Fatty acid methyl ester(s), or FAME, has previously been regarded as a contaminant in all marine fuels, but the new grades allow bio-fuel blends containing up to 7% FAME. The main changes in the 2017 version are:
Changes to Scope:
- The term ‘Fuels’ includes:
- Hydrocarbons from petroleum crude oil, oil sands and shale
- Hydrocarbons from synthetic or renewable sources, similar in composition to petroleum distillate fuels (eg hydrotreated VGO)

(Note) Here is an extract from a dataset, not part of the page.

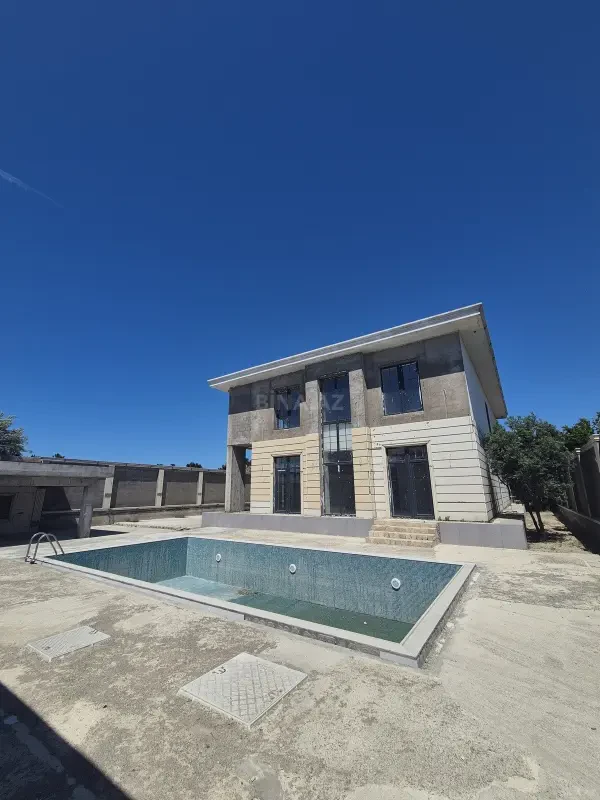Satılır 6 otaqlı həyət evi 600 m²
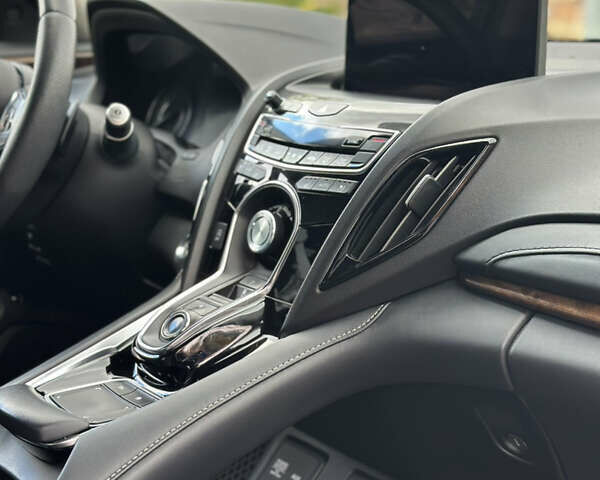 Акура РДХ 2018 у Києві на Automoto.ua Чорний Акура РДХ, об'ємом двигуна 2 л та пробігом 130 тис. км за 26500 $, фото 42 на Automoto.ua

- Blends of the above with FAME component where permitted
Changes to General Requirements
- Additional distillate grades: DFA, DFZ and DFB allowing up to 7 v% FAME
Bio-diesel is a catch-all term for a wide variety of products. It is possible to produce a bio-diesel from plant material, animal material and various combinations of both. Often a small quantity of bio-diesel can be added to mineral diesel to produce a more stable fuel. There are few cases of biodiesel being used on a commercial scale in large marine engines but its use in leisure engines is more widespread.
Volvo Penta has some comments on the use of bio-diesel in leisure engines which could in some cases apply equally to larger marine engines. The comments are:
- The biodiesel must be of good quality, which means that it must comply with the EU’s EN14214 fuel standard.
- Biodiesel is an efficient solvent that can, when first used, dissolve constituents in the fuel system. The fuel filter should therefore be changed after a short period of usage.
- Biodiesel is not a fuel with long-term stability, it can oxidise in the fuel system. The entire fuel system must be emptied and operated on normal diesel before any extended period of still standing, such as during winter storage.
- Biodiesel has a negative effect on many rubber and plastic materials. Rubber hoses and plastic components in the fuel system must be checked regularly and changed at more frequent intervals than usual to avoid leakage.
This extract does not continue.